Designers extended the Chogori’s snow skirt to go around the entire tent (it just covered the vestibule in the previous iteration), and increased the waterproof ratings of both the floor and canopy. The five-pole pitch is surprisingly easy—one person can do it in seven minutes. We did see mild condensation on a cold, moderately humid -5°F night
How to Buy the Perfect Winter Tent
Winter camping can require a bit more equipment and forethought than your standard summer setup. Here’s what to look for when choosing the best shelter for your next snowy adventure.
Double or Single-Walled?
The issue of condensation is even more critical in winter camping; nothing’s worse than finding your down sleeping bag soaked in the middle of the night in sub-zero conditions. A double-walled tent will include an inner tent with some mesh for breathability, along with a burly outer shell that channels condensation away from the inside of the tent and down to the ground. Double-walled tents are heavy and pricey. Single-walled tents are meant for fast ascents where low weight is paramount. They’ll keep you safe from wind and snow, but they typically breathe poorly and often aren’t fully waterproof like their double-walled counterparts—sub-zero temperatures are a must.
Sizing a Winter Tent
Keep in mind that you’ll be carrying much more (bulkier) gear on a winter trip, from heavy sleeping bags to extra fuel. Also remember that you’ll want to keep some items inside the tent with you (or inside your sleeping bag) to prevent them from freezing, like boots, water filters, and electronics. You’ll be spending much more time in your tent than you would on a three-season trip, so cramming like a sardine is less appealing when considering weight savings and space. Most important is your vestibule, which needs to be big enough to meet your cooking and storage needs (some four-season tents also have a gear vestibule in the back of the tent).
Types of Winter Tents
Three season and three season-plus tents can work for winter camping, depending on the conditions: dry, calm, conditions like on a bluebird day below treeline are the ideal setting to use a three season tent in winter. They tend to have more mesh for breathability and lighter pole structures for weight savings that make them dangerous to use under snow loads or windy conditions.

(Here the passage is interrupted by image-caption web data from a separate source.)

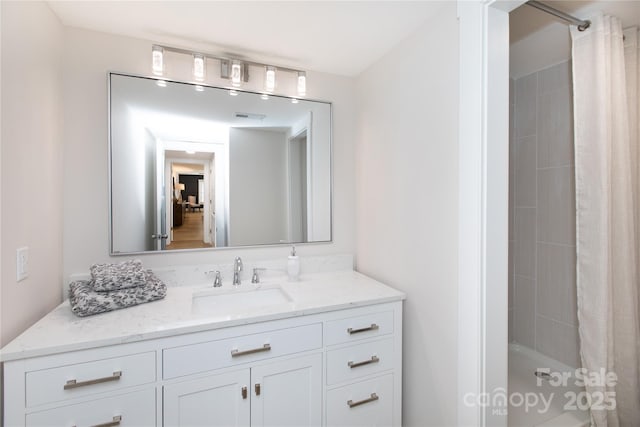 full bath with visible vents, shower / bath combo, and vanity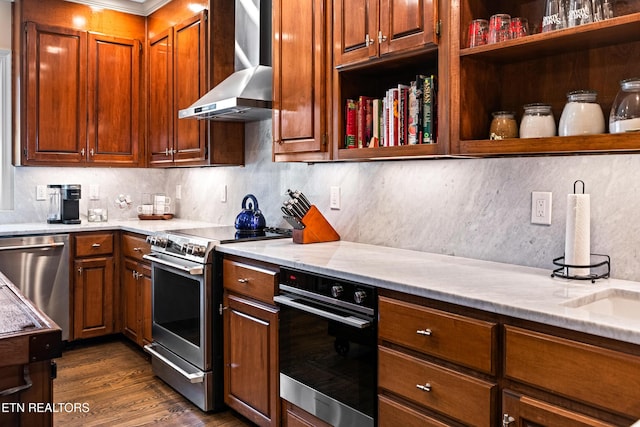 kitchen with open shelves, decorative backsplash, appliances with stainless steel finishes, and wall chimney range hood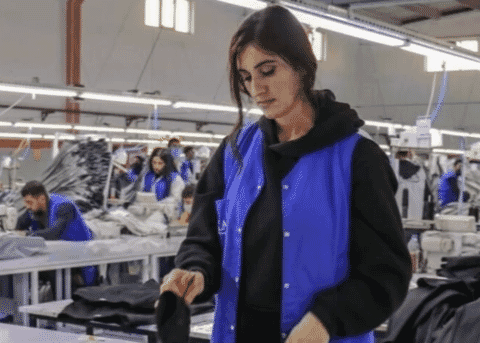 Operator in a work vest handling a garment on a long, brightly lit sewing floor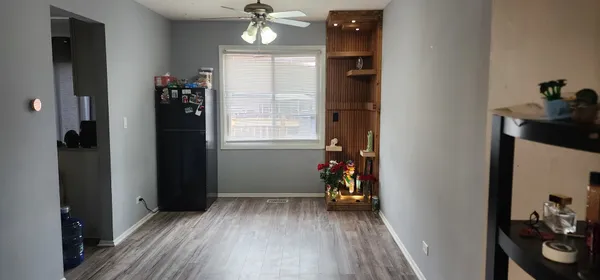a view of a room with wooden floor closet and windows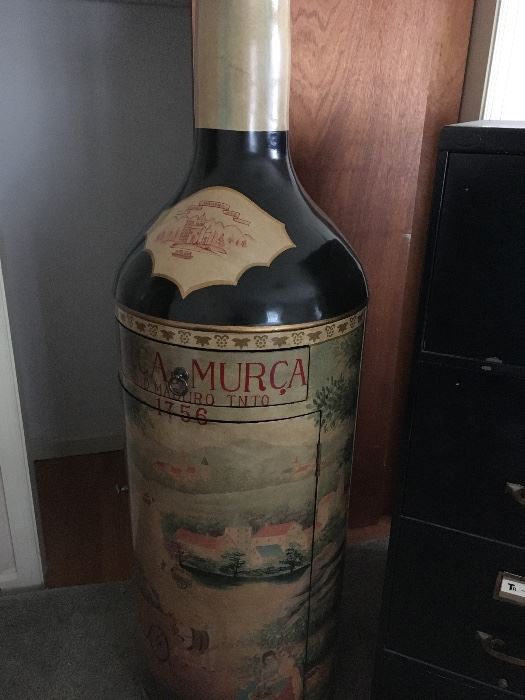 This large bottle of Wine opens up to hold your wine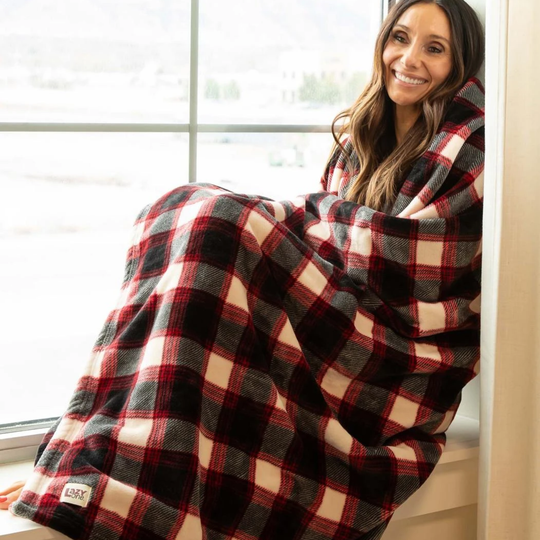 A woman wrapped in a red, black, and cream plaid blanket sits by a bright window. A small square brand patch reading 'lazy one' is visible near the lower left corner of the blanket.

Four season, non-mountaineering tents, like the MSR Access, have less open mesh to prevent snowdrift and retain heat, and stronger, more flexible frames to handle moderate snow loads. They’re a great option for winter backpacking and ski touring in lower-elevation alpine environments (steer clear of Denali) as they cost less, weigh less, and have much better breathability than traditional mountaineering tents.
Mountaineering tents are designed to do one job: keep you safe in unpredictable alpine conditions. Mountaineering tents accomplish that by using strong materials (often high tear strength silnylon, or laminate shells, similar to your hardshell jacket), multiple, criss-crossed pole structures that run on the inside or outside of the tent, and guylines made of extra-strong fabrics, like Dyneema. They tend to be engineered to be more aerodynamic than three-season shelters: lower to the ground for less wind resistance and/or with steeper walls for shedding snow. While most mountaineering tents will have less ventilation than a 3-season tent, single-walled tent designs, especially, are notorious for producing heavy condensation owing to their lack of mesh. Mountaineering tents are also much more expensive than other winter camping options as a result of the engineering involved and the need for more, stronger materials.
Pyramid-style tarp shelters, like Black Diamond’s Mega Light, are an excellent option for large groups, or as a basecamp/hangout area. These shelters typically don’t come with floors or mesh, allowing you to dig out snow benches and platforms for sleeping, cooking, and hanging out (which you’ll do a lot of when the sun goes down at 4:30 p.m.). They tend to be very light for their area of coverage and easily shed snow and wind when pitched correctly.
What a Backpacker Editor Looks for in a Winter Tent
Shannon Davis, Editor-in-Chief
“I base my assessment of winter tents from my time in the high country on peaks like Mt. Rainier and Denali. If a tent can survive there, it can probably handle anything. I look for a beefy, higher-diameter pole structure and copious guy-out points to protect against heavy snowfall and high wind; generous vestibule space for the additional gear cold-weather travel requires; and high and low vents that you can open from the inside to manage the balance of airflow and warmth to minimize condensation.”